Posted on 09/17/2012 11:38:54 AM PDT by Alex Murphy

PHILADELPHIA, Sept. 17, 2012 (LifeSiteNews.com) - As the November general election approaches, America’s Catholic bishops have been walking a fine line as they strive to avoid appearances of partisanship while at the same time they wage a high-profile battle against the Obama administration over religious freedom.

Earlier this month, one of the leading lights in the U.S. episcopate insisted he “certainly” could not vote for Obama, while not specifically endorsing his Republic opponent Mitt Romney.

Asked whether a Catholic could vote for Obama in good faith, Archbishop Charles Chaput of Philadelphia replied: “I can only speak in terms of my own personal views. I certainly can’t vote for somebody who’s either pro-choice or pro-abortion.”

In a wide-ranging interview with John Allen, Jr. of the National Catholic Reporter, published Friday, the archbishop drew a sharp distinction between a candidate’s “prudential judgments” about how we care for the poor, and his position on an intrinsic evil like abortion.

Responding to concerns over the budget proposed by Republican vice presidential candidate Paul Ryan, which some Catholic bishops and other critics had called immoral because it cut programs to the poor, the archbishop pointed out that people of good faith can legitimately disagree over the role of government in providing aid to the poor.

“Jesus tells us very clearly that if we don’t help the poor, we’re going to go to hell,” he insisted. “But Jesus didn’t say the government has to take care of them, or that we have to pay taxes to take care of them. Those are prudential judgments.”

“You can’t say that somebody’s not Christian because they want to limit taxation,” he continued. “To say that it’s somehow intrinsically evil like abortion doesn’t make any sense at all.”

The archbishop, while noting he is a registered independent, said he has “deep personal concerns about any party that supports changing the definition of marriage, supports abortion in all circumstances, wants to restrict the traditional understanding of religious freedom.”

Chaput also said the bishops’ Fortnight for Freedom campaign in the summer was a success in raising greater awareness among Catholics about the grave threat to religious freedom facing America.

“The history of the world demonstrates that if we aren’t always on guard about religious freedom, we’ll lose it.
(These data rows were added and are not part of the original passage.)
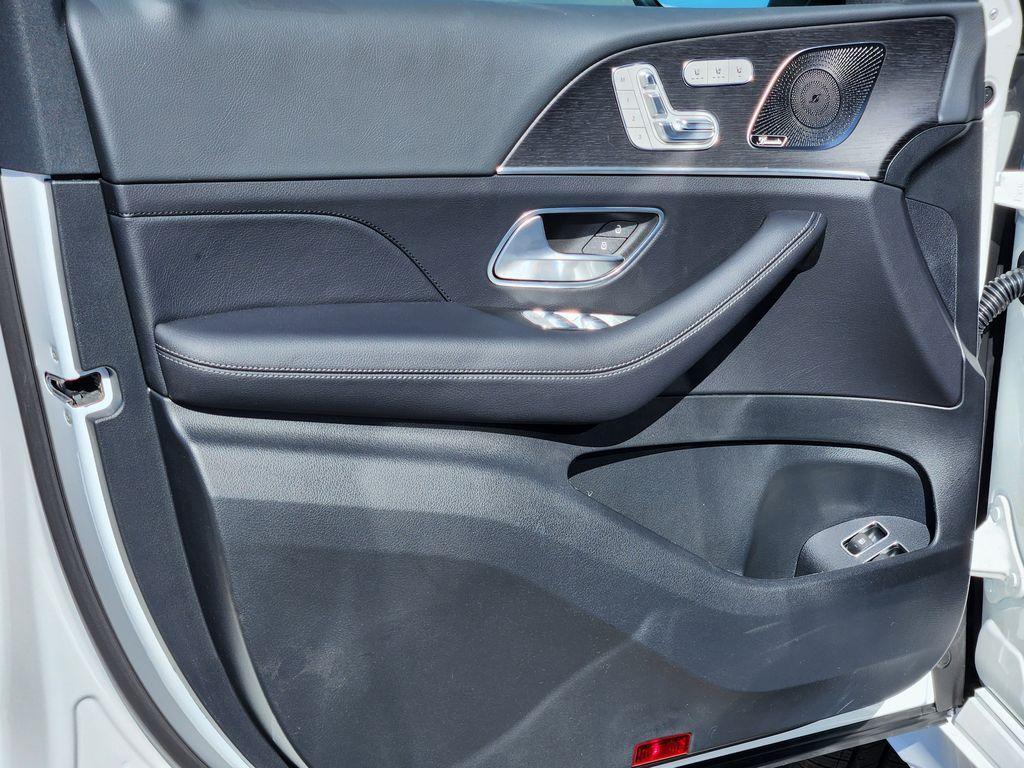 new 2026 Mercedes-Benz GLE 450e car, priced at $82,059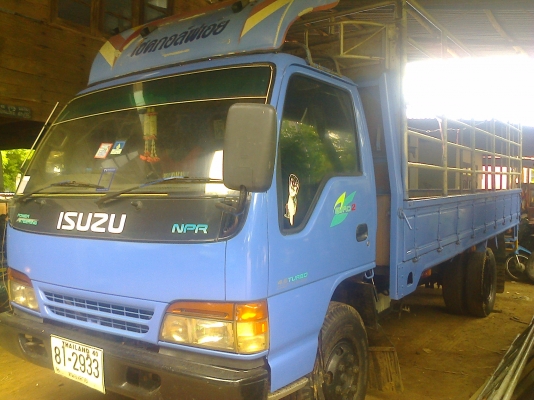 หกล้อ อีซูซุ NPR130แรง ทะเบียนพร้อมโอน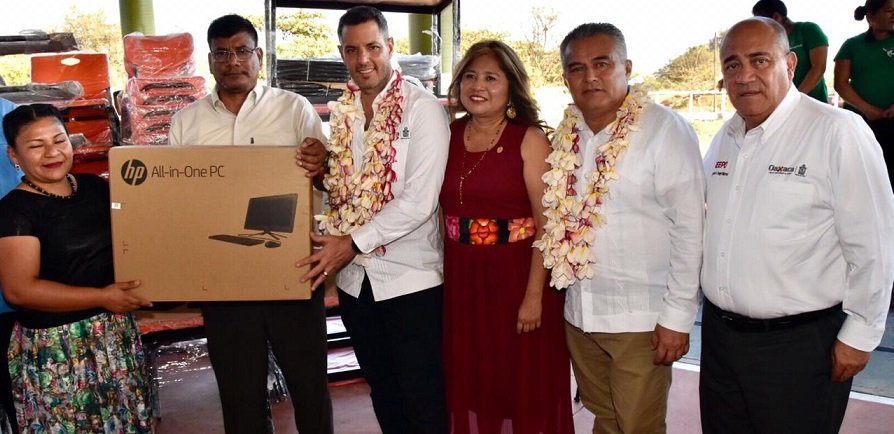 Dota IEEPO de mobiliario y equipo a escuelas de la Costa y el Istmo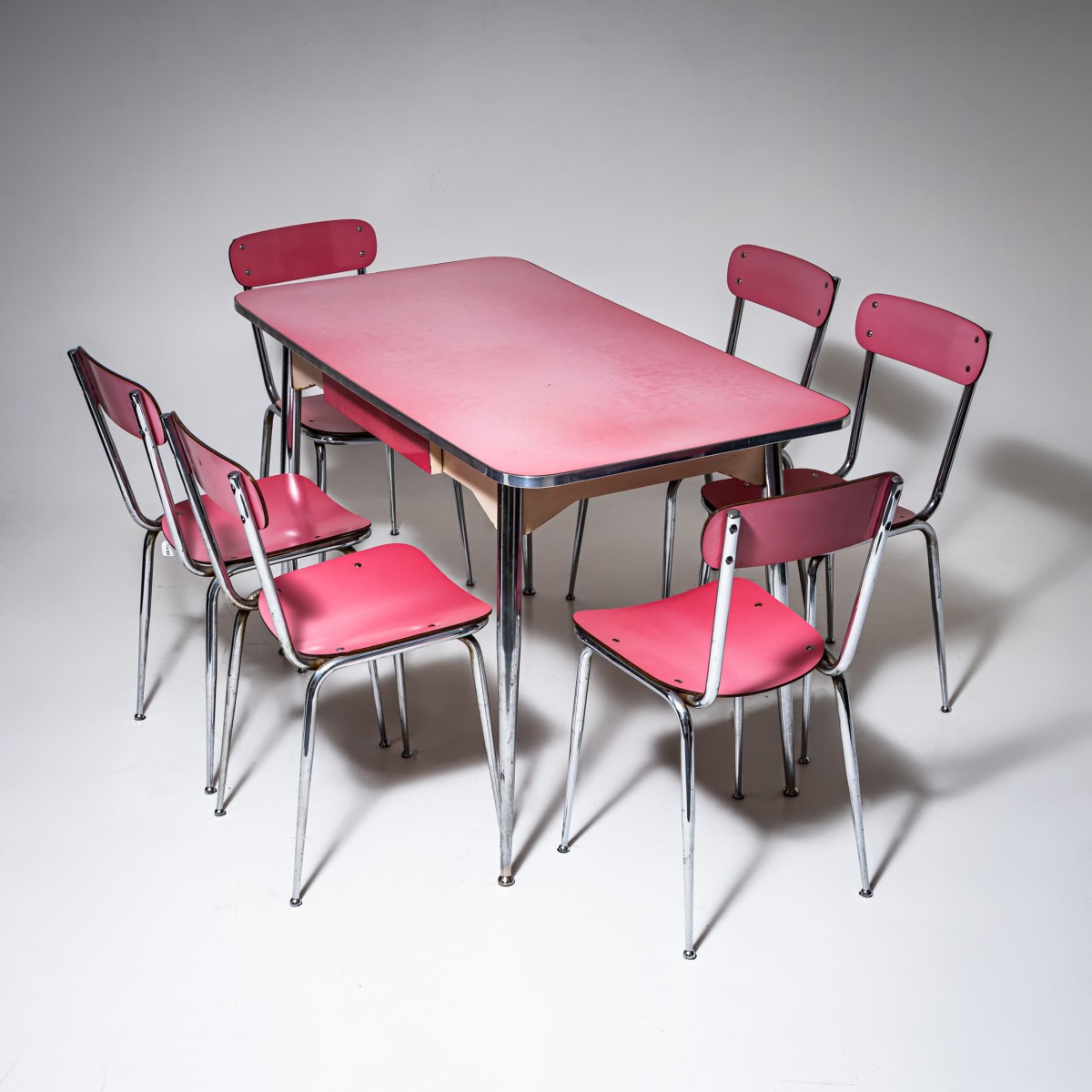 Ensemble de salle à manger en Formica rose, table et six chaises, Italie, années 1960/1970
It happens everywhere, and it could happen in the United States,” he observed.

“I would never have thought, even ten years ago, that we would be dealing with it so quickly,” he added.

On the HHS mandate, Chaput said he “can’t imagine” the courts would not overturn it. “If we don’t win, I’ll be astonished, and I’ll be even more worried about the future of religious freedom in our country,” he said.

“Those who oppose us on the mandates are very insistent. I thought they would back down by now, but they haven’t,” he continued. “We have to fight as vigorously in opposing them as they are in imposing them. Who’s going to win? I don’t know. It will be whoever fights the hardest and wins the hearts and minds of the people.”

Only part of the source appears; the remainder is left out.